Ancient Ethiopian grain teff - a type of grass - offers an impressive nutritional profile and is making its way over to the UK. But manufacturers will need convincing that its advantages justify its additional costs before they start using it in large quanities.
Teff provides more fibre and is more nutritious in germ than any other grain. It also packs a high mineral content and boasts 17 times the calcium of whole wheat or barley. It is available as both grain and ground flour and can be used to make porridge, as well as added to baked goods as a wheat flour substitute.
Eva-Maria Blixt, product developer for Bells of Lazonby brand The Village Bakery is full of praise for teff. The company makes a range of free-from products, so teff's gluten-free credentials sparked interest. "Usually, when you taste corn starch or rice flour it's very bland, but this baked very well and had a great flavour and nutritional profile," she says. Because teff is a very small grain, she adds, it is more likely to avoid cross-contamination with wheat as the two are easily distinguishable. The only problem is that the firm needs a bulk ingredient and teff is just too expensive, she regrets.
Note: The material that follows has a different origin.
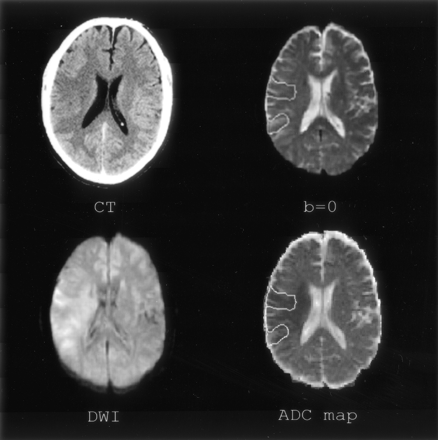 Fig 2.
But London-based teff supplier Tobia-Teff believes that the pros outweigh the cons. It is a very versatile grain, explains joint owner Sophie Sirak-Kebede. "As well as being suitable for celiacs, it could also be used in products for athletes and pregnant women as it has a high iron content. At the moment we are selling to individual consumers and health food shops, but food businesses have asked for samples and demand is growing," she says. "Everyone is just testing the water right now."